Investors suffer as BSEC takes a long time to punish manipulators

A group of investors – through manipulation – increased Daffodil Computer’s share price by 74% from December 2018 to mid-2019 and it took the market regulator three years to prove their guilt and take punitive action against them.

On May 18 this year, the Bangladesh Securities and Exchange Commission (BSEC) fined Rezaur Rahman, Director of AIBL Capital Market Services, Tk3 lakh, Farida Hossein, client of UCB Stock Brokerage, Tk1 lakh and Maksuda Ahmed , client of One Securities, Tk2 lakh for manipulation.

Currently, Rezaur is the Managing Director of AIBL Capital Market Services, Maksuda is his wife, and Farida is his sister-in-law.

According to the BSEC charges, the three raised Daffodil Computer’s stock prices through a series of transactions and a false and misleading appearance of active trading between them, which constitutes a violation of securities laws.

The BSEC and the exchanges have state-of-the-art surveillance systems to monitor equity transactions to identify those who manipulate these means.

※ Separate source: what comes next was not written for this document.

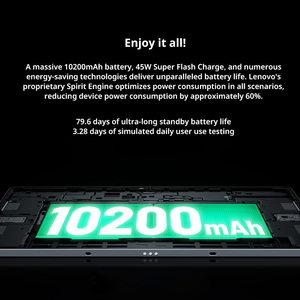 Toàn Cầu Rom Lenovo Xiaoxin Pad Pro 12.7 2025 Mắt Thoải Mái Màn Hình 12.7 ''2.9 K 144Hz Kích Thước 8300 Máy Tính Bảng 10200MAh 4 Loa - Product Image 5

This surveillance system was introduced after the market crash in 2010.

Despite the modern mechanism, the regulator could not abandon the practice of taking two years to complete an investigation and one year to issue a sentence.

A senior brokerage official said on condition of anonymity that the commission took a long time to punish the perpetrators. On top of that, the punishment is negligible compared to their crimes.

“Therefore, the influence of manipulators in the stock market has never diminished. Although a few investors make profits through manipulations, investors in general lose their capital. This disrupts the market order and makes the wary investors,” he added.

After the market crash in 1996, there was a demand to bring the perpetrators to justice. Although the culprits were identified in the investigation, the real culprits remained out of sight. And the process of punishing perpetrators has also been slow.

The same picture was seen after the market collapse in 2010. Although an investigation was carried out by the late Ibrahim Khaled, former deputy central bank governor, no action was taken in accordance with the recommendations. That is why the influence of traders in the country’s stock market is increasing.

From April to November 2021, the Delta Life Insurance share price increased by 274%. Earlier this year, the Dhaka Stock Exchange (DSE) investigated the reason for this unusual price increase. DSE has found evidence of the involvement of controversial investor Md Abul Khayer aka Hero and his associates.

The exchange also submitted its investigation report to the BSEC. Until the last update, the regulator had called Md Abul Khayer and his associates for a hearing.

Md Abul Khayer has been accused of manipulating Safko Spinning shares in 2021.

There are also allegations that this investor was behind the abnormal rise in the stock prices of insurance companies in 2020. Although many people suffered losses by investing in these companies, the main culprits n were not sanctioned.

A senior official of an asset management firm said the stock market was being manipulated daily by taking advantage of the BSEC’s procrastination in awarding sanctions. And for this reason, despite many initiatives, there is no discipline in this market. Instead, the BSEC is concerned about how to transact in the market and increase the index.

None of the BSEC officials agreed to comment on the matter. However, an official said on condition of anonymity that it was not easy to punish someone after putting them under the law. There are many steps to go through. In addition, due to a lack of manpower at the BSEC, the work cannot be done quickly.